**Exercise directions**
After finding the line that holds "Stock photo showing" below, set down that line and the rest through the final one exactly, leaving the pictures out.

[Stored dataset items]

----------

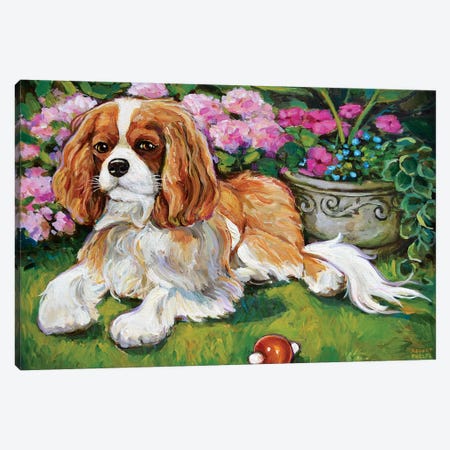 Cavalier King Charles Spaniel In The Garden Canvas Print #RPH126} by Robert Phelps Canvas Artwork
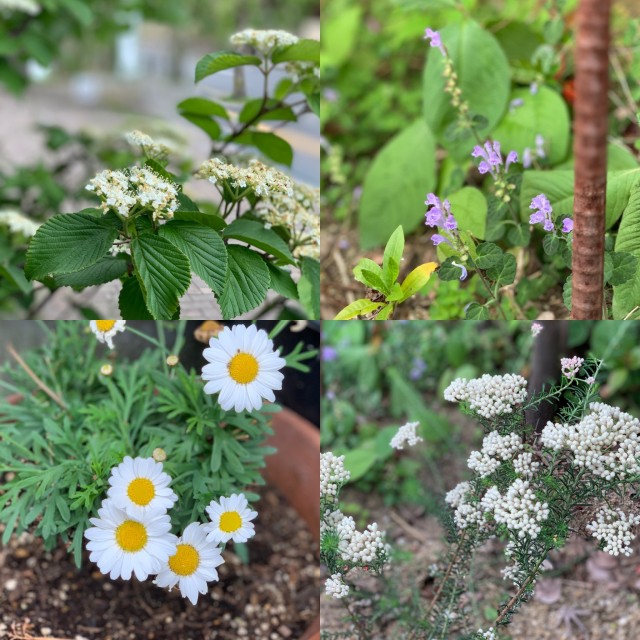 3D8C3EC5-926C-4270-832A-A826F8187122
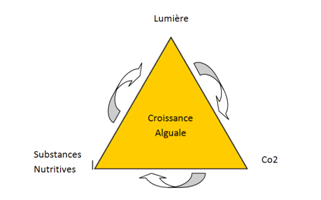 Triangle de croissance algale, cycle de vie d'une algue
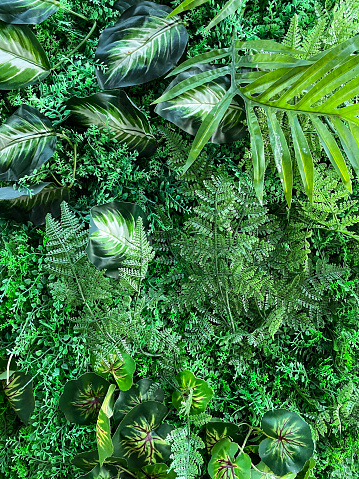 Stock photo showing an artificial living wall, greenery backdrop with plastic leaves of fake plants hanging on feature wall. The plants are maintenance free and are ideal for outdoor or indoor decoration. Home decor concept.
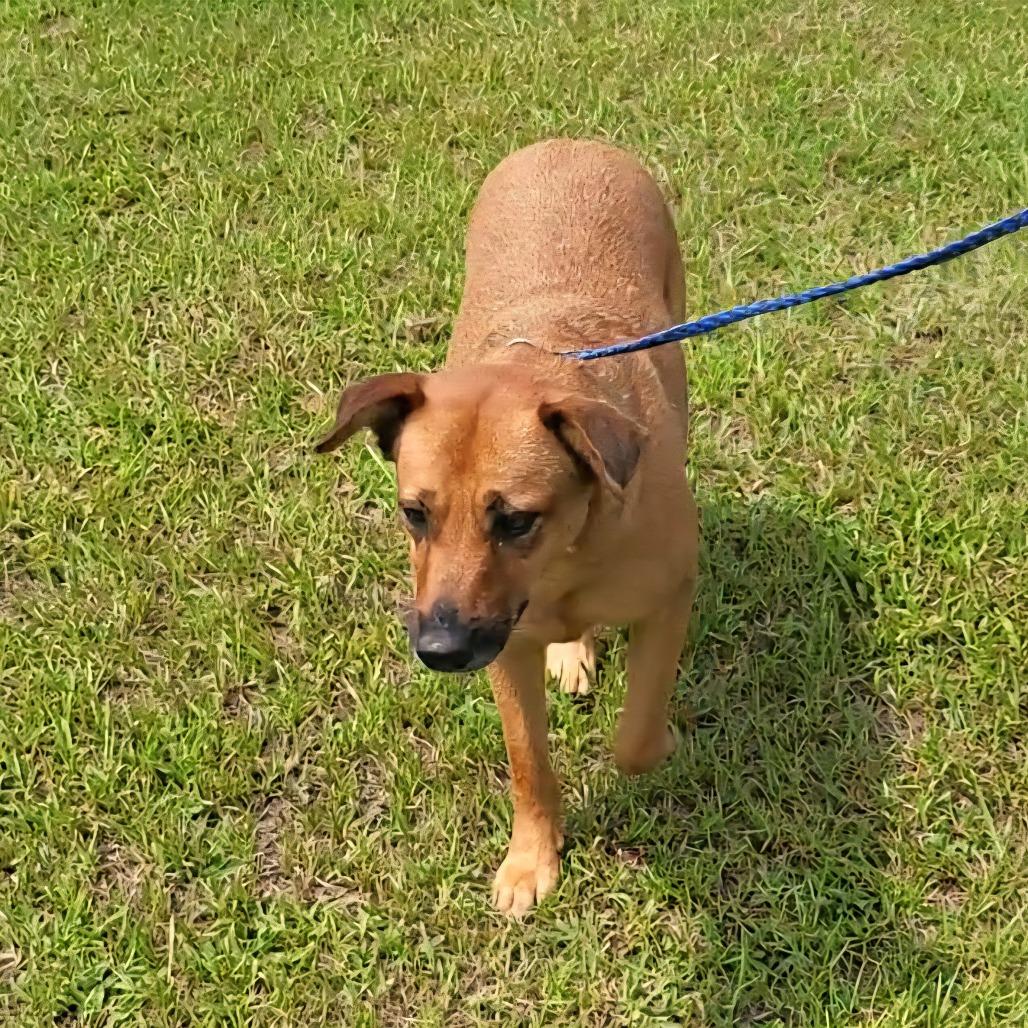 Pink Whitney thumbnail 3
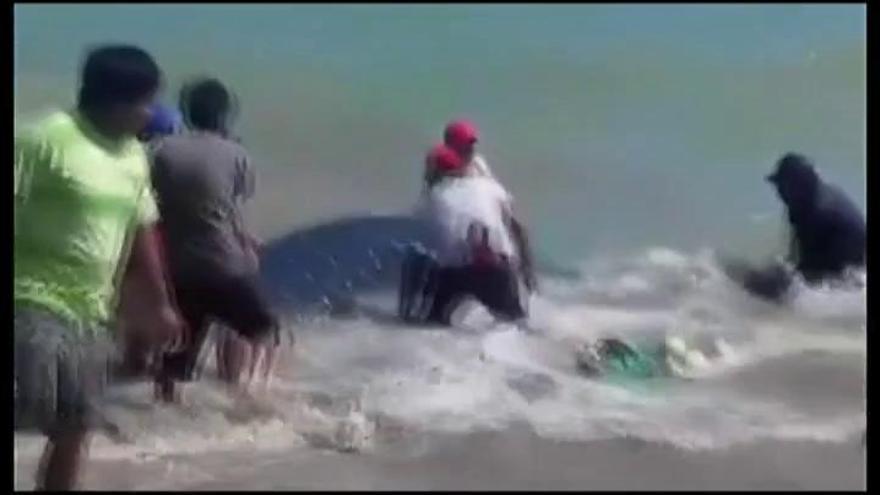 Rescate contra reloj de un tiburón ballena en Perú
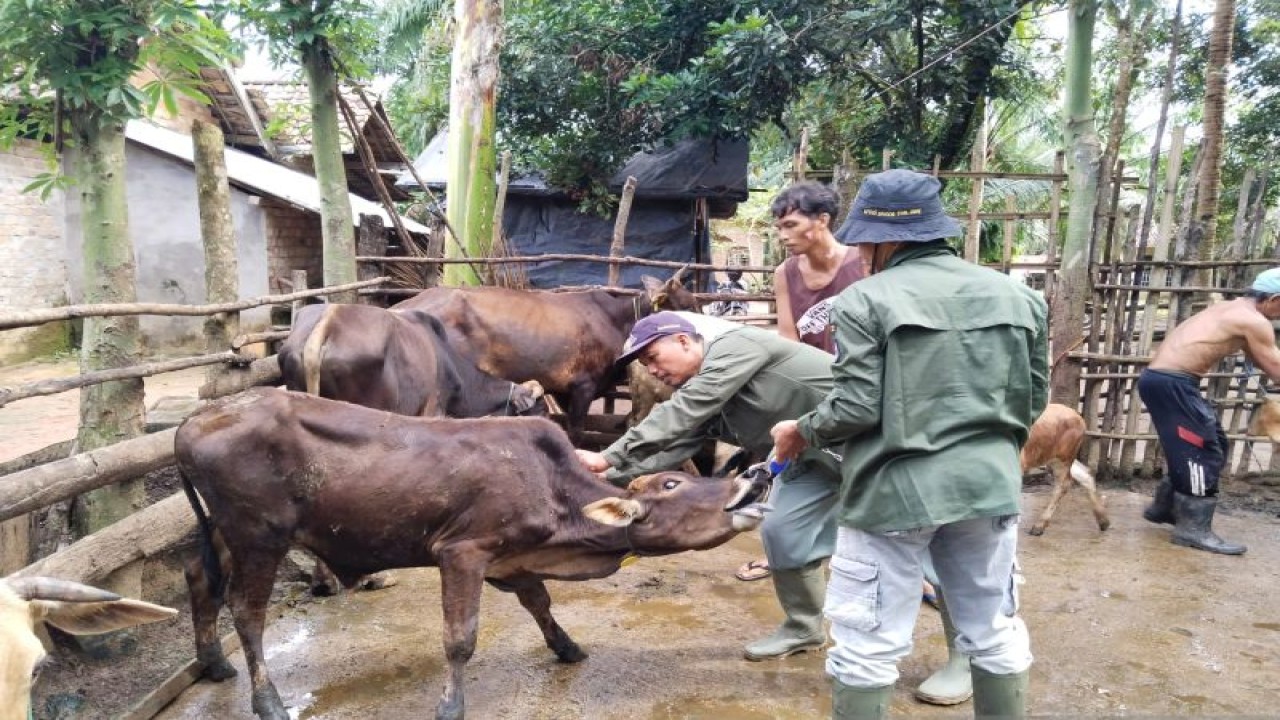 Petugas Dinas Peternakan dan Perikanan OKU memeriksa kesehatan hewan ternak, Sabtu. (ANTARA/Edo Purmana/23)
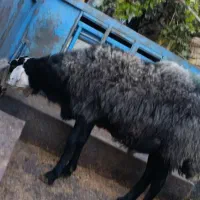 چاق کشتاری|حیوانات مزرعه|کوهسار (البرز), |دیوار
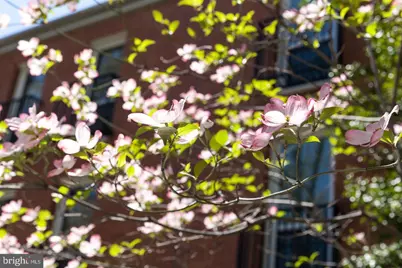 88 V Street SW #201, Washington, DC 20024 - Photo 69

----------

**Output below**
 Stock photo showing an artificial living wall, greenery backdrop with plastic leaves of fake plants hanging on feature wall. The plants are maintenance free and are ideal for outdoor or indoor decoration. Home decor concept.
 Pink Whitney thumbnail 3
 Rescate contra reloj de un tiburón ballena en Perú
 Petugas Dinas Peternakan dan Perikanan OKU memeriksa kesehatan hewan ternak, Sabtu. (ANTARA/Edo Purmana/23)
 چاق کشتاری|حیوانات مزرعه|کوهسار (البرز), |دیوار
 88 V Street SW #201, Washington, DC 20024 - Photo 69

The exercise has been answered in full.